Electromagnetic Selection Rules for $^{24}\mathrm{Mg}$ in a $6\alpha$ Cluster Model with $\mathcal{D}_{4h}$ Symmetry

In the framework of a macroscopic $\alpha$-cluster model, the structural properties and the spectroscopy of the $^{24}\mathrm{Mg}$ nucleus are investigated. Special attention is devoted to the electromagnetic selection rules imposed by the point-symmetry group $\mathcal{D}_{4h}$ that leaves invariant the adopted $6\alpha$ equilibrium configuration, a square bipyramid. The analysis entails the application of group-theoretical identities and character tables, in a way familiar to quantum chemists. The results show that the occurrence of interband E0, E2, and M1, M2, M3 transitions is strictly regulated by the transformation properties of the excited vibrational modes to which the states in the process belong. Unlike the $^{12}\mathrm{C}$ nucleus in the $\mathcal{D}_{3h}$-symmetric $3\alpha$ arrangement, M1 transition channels are active between states corresponding to a single quantum of vibrational excitation.
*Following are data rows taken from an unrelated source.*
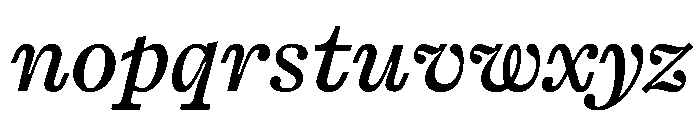 PPKyoto SemiboldItalic Instance Font LOWERCASE
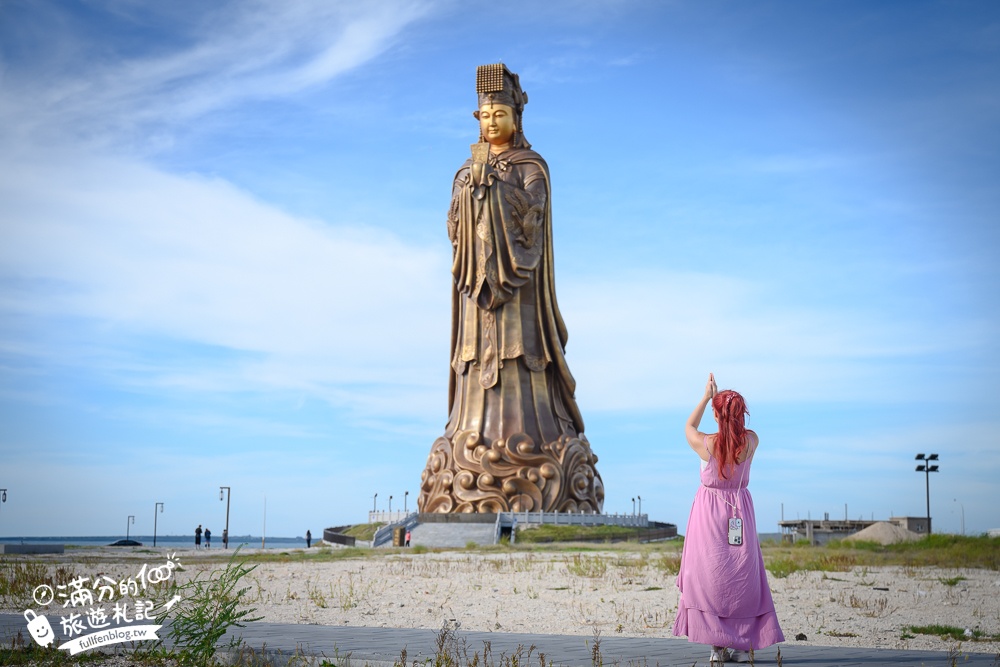 【2025最新打卡地標澎湖媽祖】澎湖媽祖文化園區,世界最大媽祖銅像,22層樓高超壯觀!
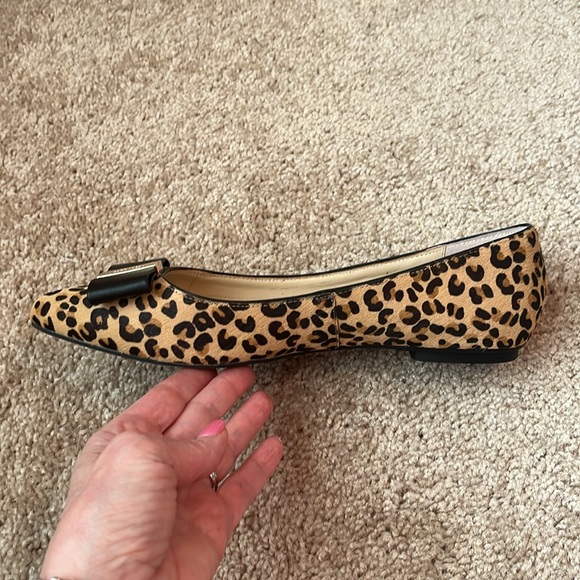 Kate Spade Norah Leopard Bow Pointy Flats - Picture 2 of 8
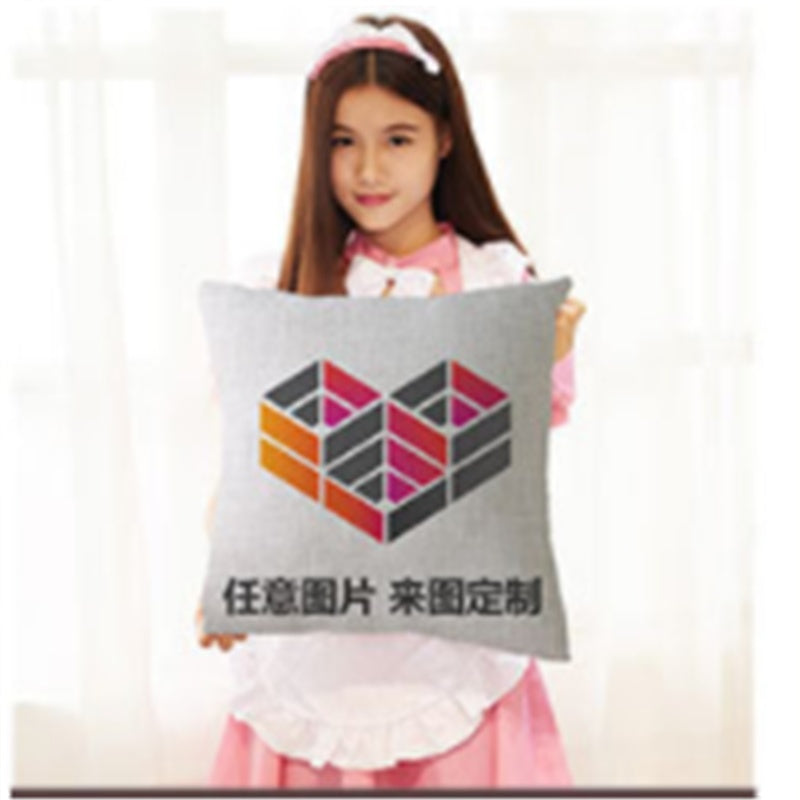 KTX-778003 Cartoon-Themed Thick Cotton Linen Pillow with PP Cotton Filling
Conversely, the measured E1 strengths in the $^{24}\mathrm{Mg}$ spectrum are attributable to the excitation of single-nucleon degrees of freedom, as E1 transitions are forbidden by the model. The present investigation is a only part of a wider work, encompassing the spectrum and the whole electromagnetic properties of this nucleus in the considered $\mathcal{D}_{4h}$-symmetric configuration, in preparation.